There are a couple of things you should know regarding the visuals on this blog:
1. I create the visuals myself using Adobe Illustrator, my brain and a little synthesis.
2. The visuals are designed to be shared, distributed and used outside of this blog.
3. I not only appreciate credit, I know that when it's given it benefits everyone.
To that last point, I frequently get e-mails that look something like this:
"Dear David, I was recently at a conference where a prominent speaker was using several of your visuals in their presentation without any credit whatsoever. I thought you should know."
I also get an occasional e-mail like this:
"David, today I was asked by a supervisor to trace over one of your visuals, so that we could make it our own. I have an issue with this".
Here's the deal. The visuals here are "free" for everyone to use. They are my "purple cow"—it's why most of you are readers of this blog in the first place. And I respect that—which is why I freely give them away. But when you take what's free and bury the source, it actually effects your own credibility more than you know.

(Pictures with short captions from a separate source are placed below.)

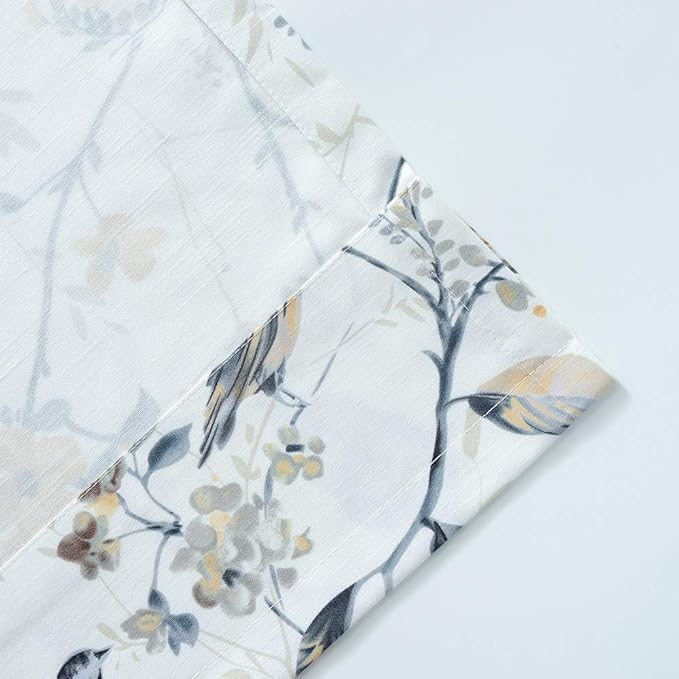 Leeva Gray Tie-Up Shades Curtain for Living Room, Elegant Window Treatment Balloon Valances Curtain for Dining Room Office, 42x63 in, One Panel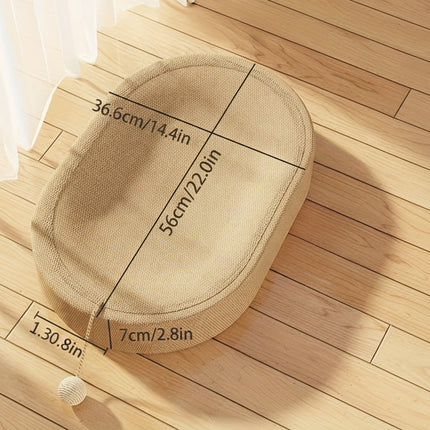 Sisal Krabplank Ovaal 60cm | Duurzaam en Slijtvast | Inclusief Speelbal | Geschikt Voor Katten | Perfect voor Spelen en Slapen | Geen Montage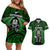 New Zealand Aotearoa Rugby Couples Matching Off Shoulder Short Dress and Hawaiian Shirt NZ Tiki With Maori Fern World Cup Green Version - Wonder Print Shop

Take this for example. One of the most popular visuals on this blog is the experience map. It was one of my first and I was naive enough not to put my name on it. No doubt some folks have taken advantage of that fact. But Google tells another story. Thanks to the Long Tail, if you type in "Experience Map"—my visual is the #1 result. That's better than any copyright I can throw on a graphic.
So take this advice if you like. If you want to use a visual here without credit—it's your choice. I can't force you to do so. But this blog is out there—it's highly visible and it's very likely that someone who viewed your presentation with my visual will eventually find the source here. And that affects your credibility, not mine.
For those of you who have been generous in your transparency—thank you. I owe the success of this blog to all of you. I've given a lot away here, but you've given me much more.